Open
Description
Description
The concept of a dataset is starting to become an overloaded term. It could mean the following:
- A BigQuery dataset which is a collection of tables. This is the original definition we based the
datasets
folder from. - A collection of datasets can also be called a dataset. e.g. the Vizgen dataset, which includes the Mouse Brain Map dataset.

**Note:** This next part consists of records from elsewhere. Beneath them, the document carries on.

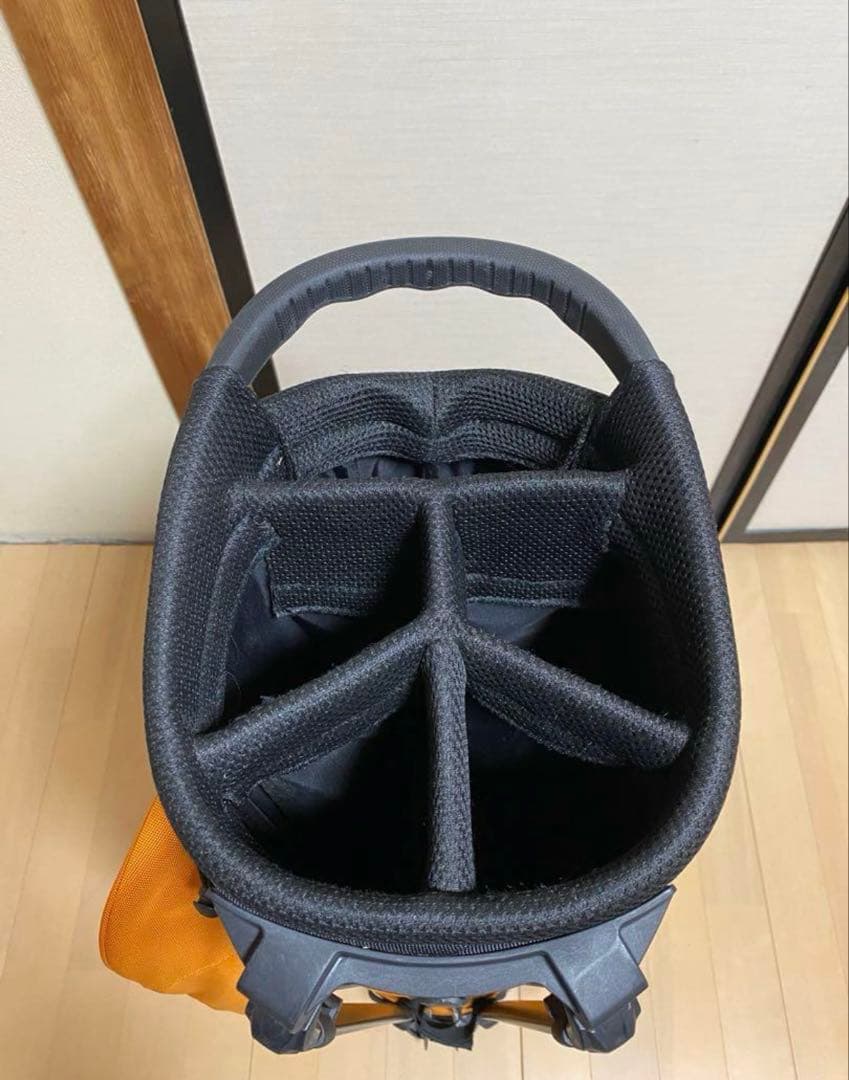 BRIEFING スタンドバッグ オレンジ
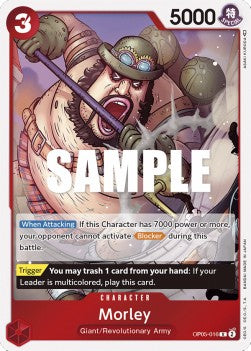 Morley (OP05-016) - Awakening of the New Era (Rare) [OP05-016] - JotaCards - Tu Tienda de TCG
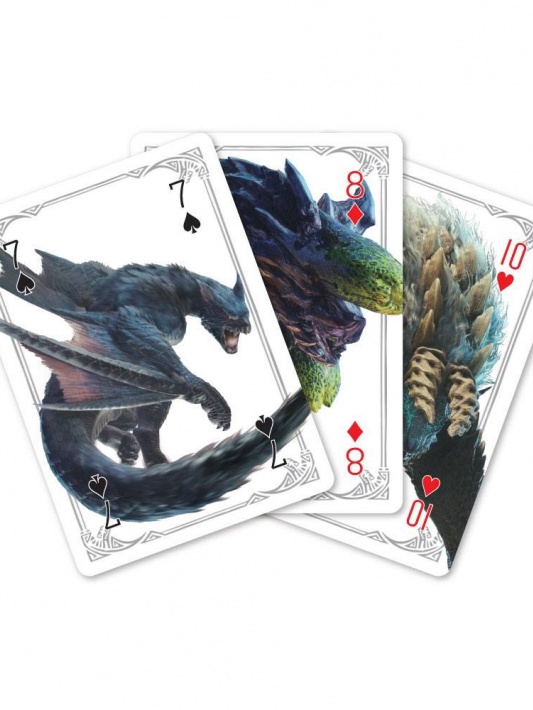 Monster Hunter World: Iceborne Baraja Cartas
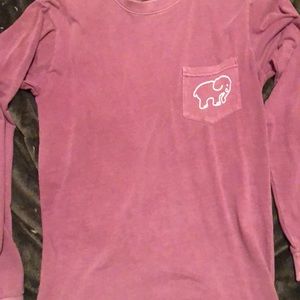 Purple Ivory Ella Shirt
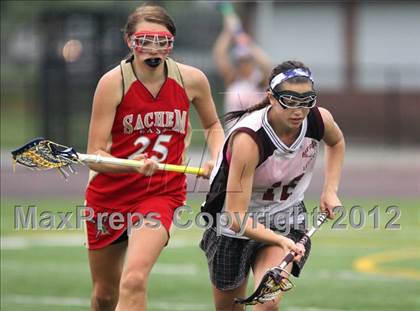 Thumbnail 1 in Sachem East @ Bay Shore (Division I Playoff) photogallery.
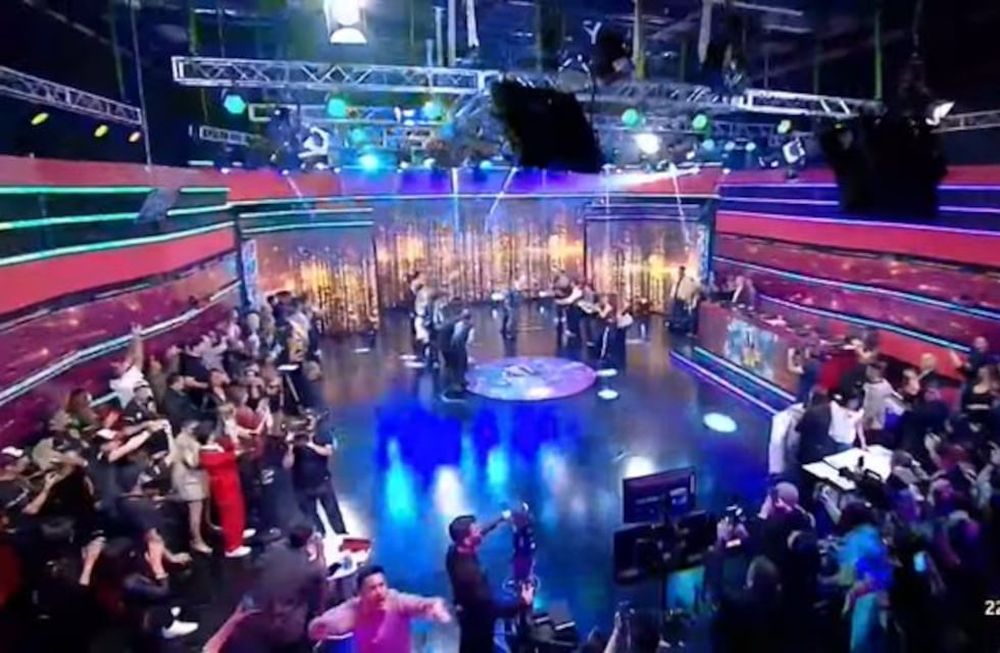 Apertura del Cantando 2024. Captura: América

- The other way applies just as well: a subset of larger dataset/s can also be called a dataset. e.g. the Mouse Brain Map dataset which is part of the Vizgen dataset
Plus, in the future, we can expect pipelines that need to onboard multiple datasets in one go. Such a concept is difficult to align using the current hierarchy.
Proposed
The proposal here is to switch from using the datasets/DATASET/PIPELINE
hierarchy into the pipelines/PIPELINE_GROUP/PIPELINE
hierarchy.
# CURRENT
datasets/
vizgen/ (dataset)
mouse_brain_map (pipeline)
some_genome_collection (pipeline)
covid19/ (dataset)
national_cases (pipeline)
racial_stats (pipeline)
# PROPOSED
pipelines/
vizgen/ (pipeline group)
mouse_brain_map (pipeline)
some_genome_collection (pipeline)
covid19/ (pipeline group)
national_cases (pipeline)
racial_stats (pipeline)
Checklist
- I created this issue in accordance with the Code of Conduct.
- This issue is appropriately labeled.